WHAT NEEDS TO BE DONE: Take the entries below and write them out exactly, with each picture removed.

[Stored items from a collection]
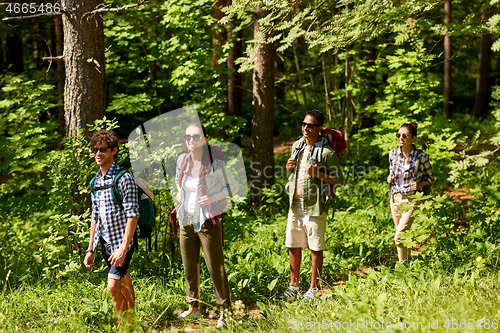 Image of group of friends with backpacks hiking in forest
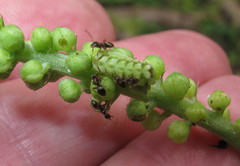 Celastrina neglectamajor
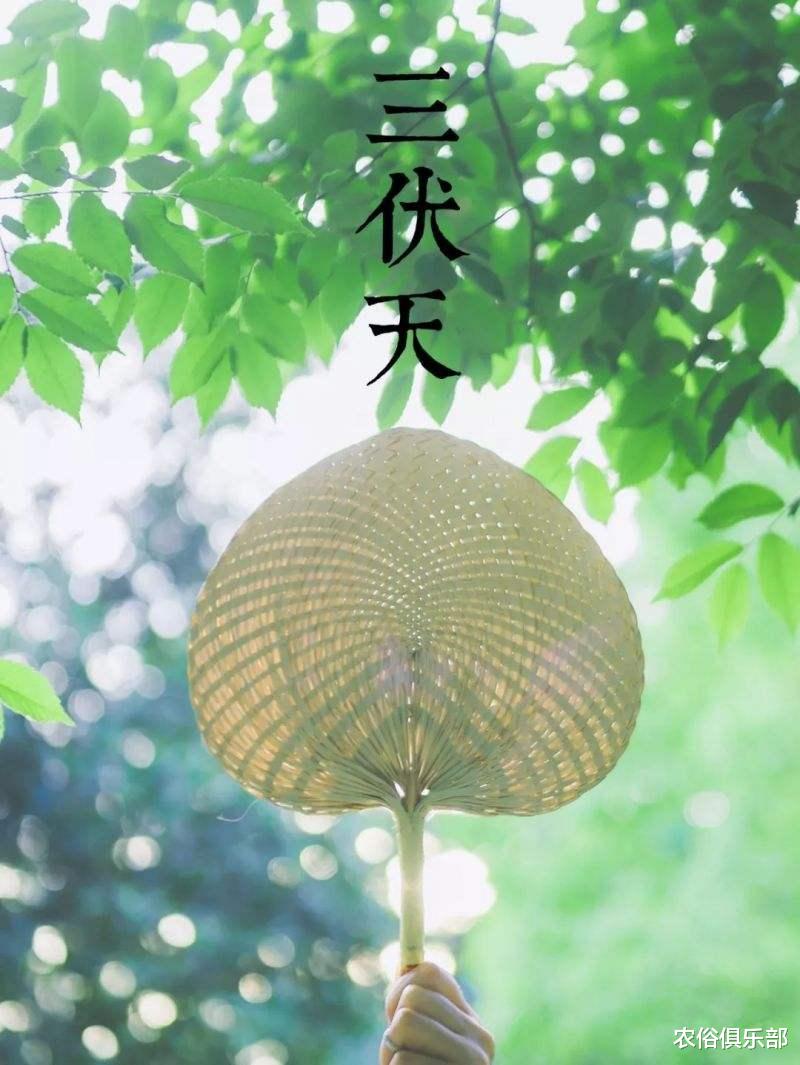 农俗俱乐部|7月16号入伏，40天的伏天，老农常说“入伏有6怕”是哪6怕呢？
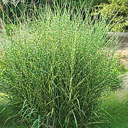 Miscanthus sinensis 'Strictus'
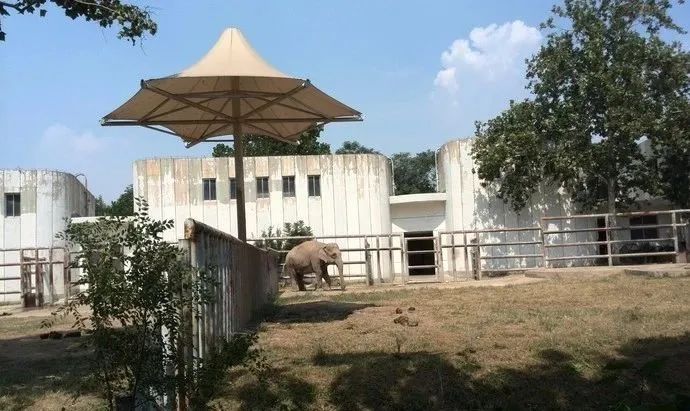 济南动物王国一日游详细攻略,济南一日游动物园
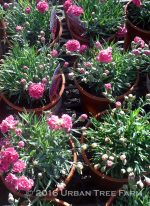 Dianthus x 'Early Bird Sherbet'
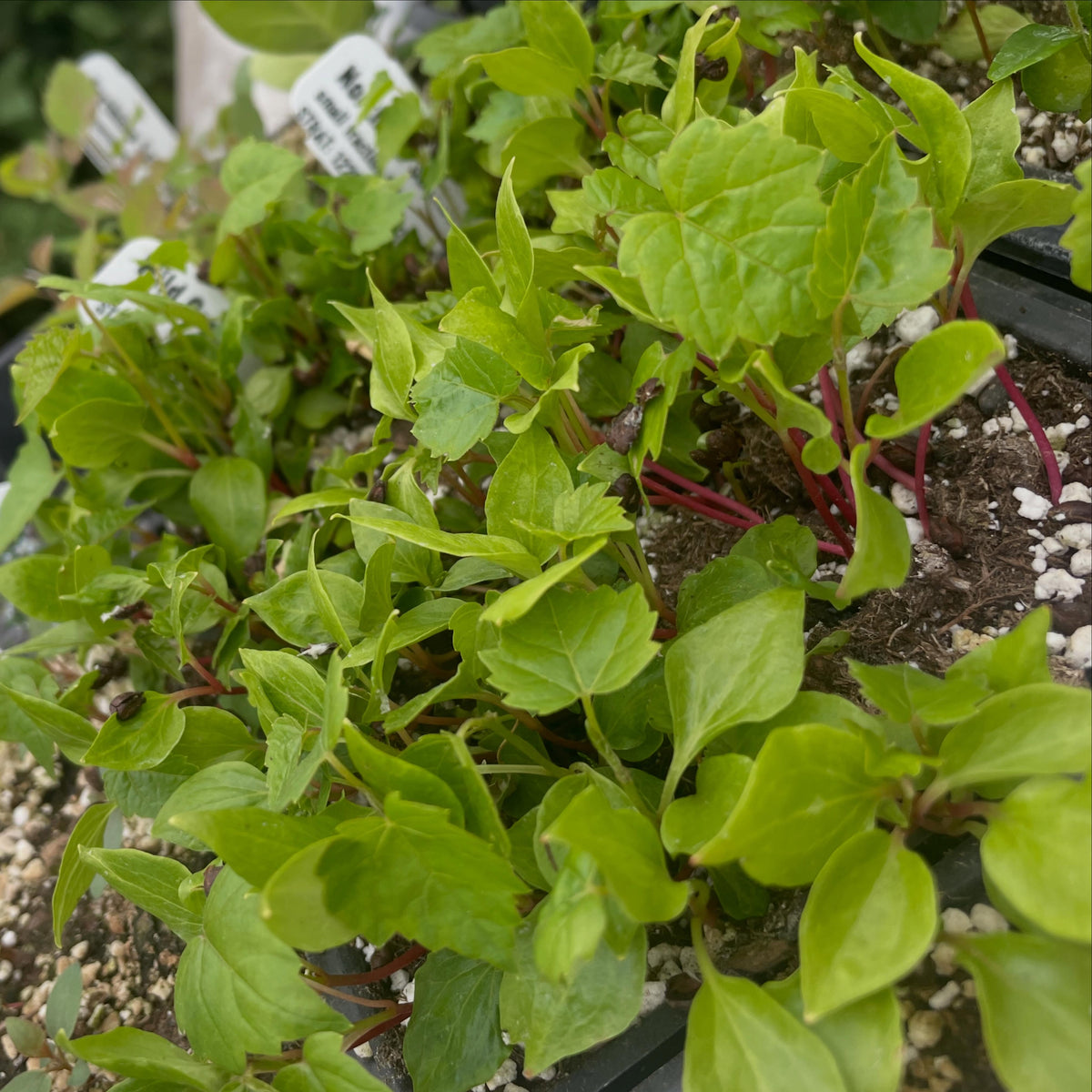wild grapes, cold stratified from nov through march so about five months in the fridge in some damp vermiculite, planted, image 1 of 2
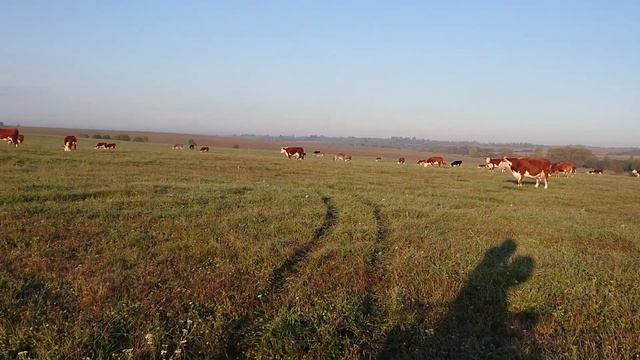 ГЕРЕФОРДЫ НЕМНОГО В ТУМАНЕ. УТРО 27 Сентября 2019 года. #дикфарм #dikfarm смотреть онлайн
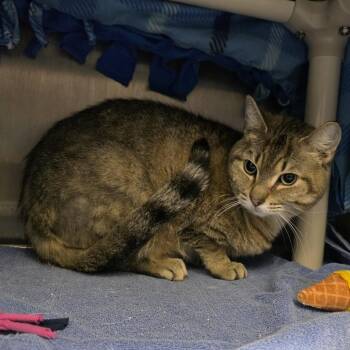 Domestic Short Hair Cats Available for Adoption in Fort Wayne, Indiana - Ash | PetCurious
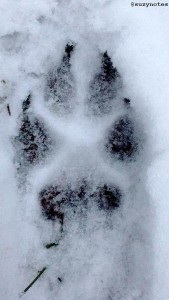 Nov25-16_CoyoteXTrack-sn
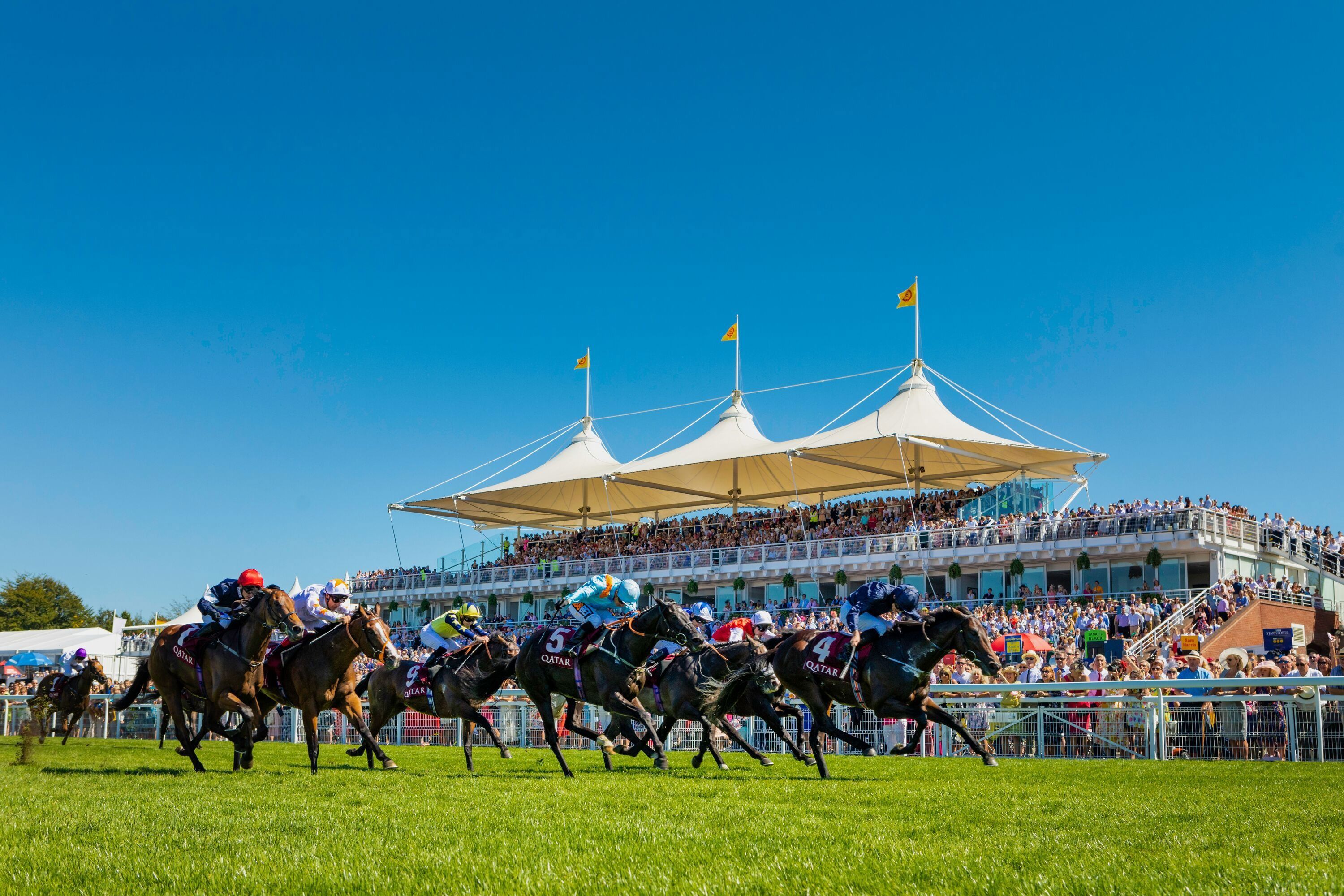 Jockey riding a racehorse at speed during a flat race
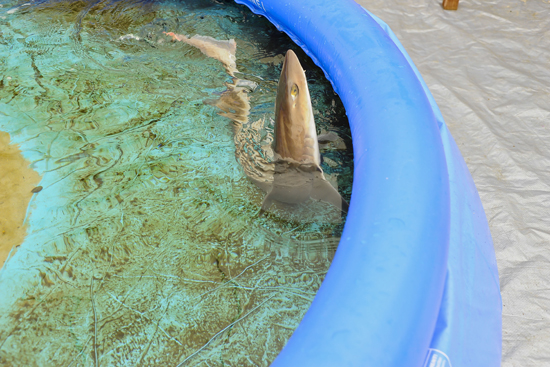 Boston University BU, researcher Jelle Atema, Woods Hole Laboratory, dogfish shark research, odor plume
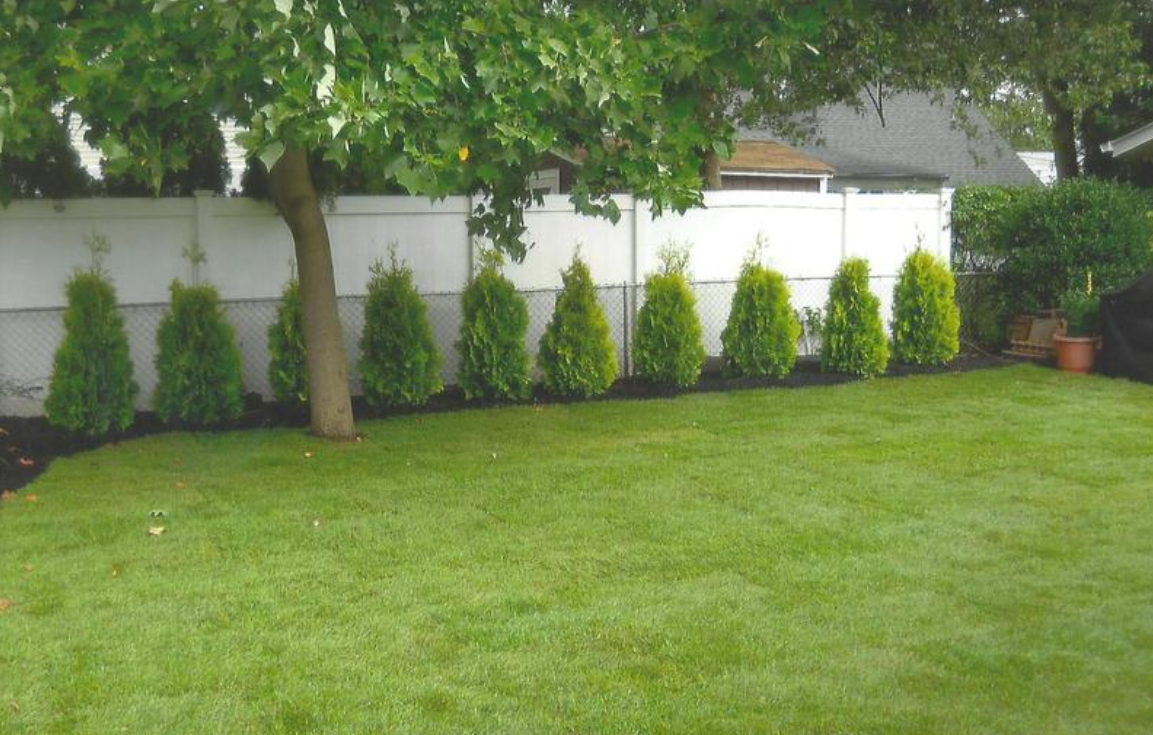 Lush green lawn with row of evergreens along a white fence, tree trunk in the center.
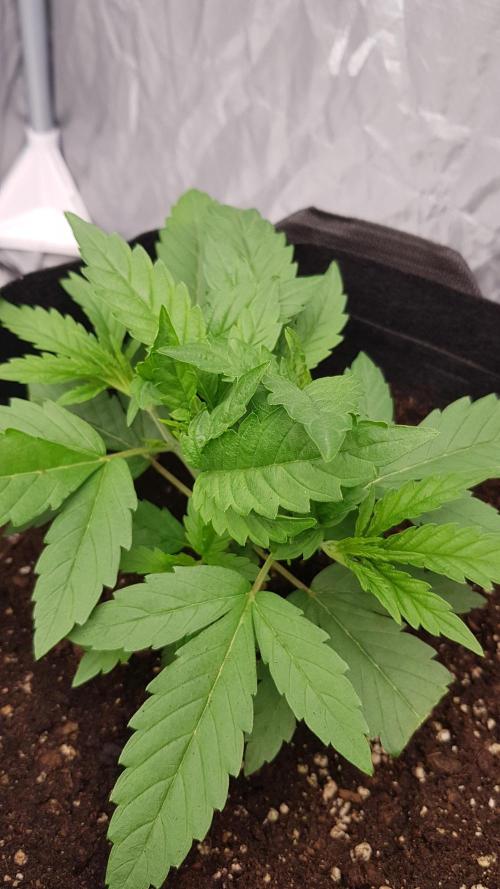 Sherbet with Paya. Week 4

PROBLEM SOLUTION:
 Image of group of friends with backpacks hiking in forest
 Celastrina neglectamajor
 农俗俱乐部|7月16号入伏，40天的伏天，老农常说“入伏有6怕”是哪6怕呢？
 Miscanthus sinensis 'Strictus'
 济南动物王国一日游详细攻略,济南一日游动物园
 Dianthus x 'Early Bird Sherbet'
wild grapes, cold stratified from nov through march so about five months in the fridge in some damp vermiculite, planted, image 1 of 2
 ГЕРЕФОРДЫ НЕМНОГО В ТУМАНЕ. УТРО 27 Сентября 2019 года. #дикфарм #dikfarm смотреть онлайн
 Domestic Short Hair Cats Available for Adoption in Fort Wayne, Indiana - Ash | PetCurious
 Nov25-16_CoyoteXTrack-sn
 Jockey riding a racehorse at speed during a flat race
 Boston University BU, researcher Jelle Atema, Woods Hole Laboratory, dogfish shark research, odor plume
 Lush green lawn with row of evergreens along a white fence, tree trunk in the center.
 Sherbet with Paya. Week 4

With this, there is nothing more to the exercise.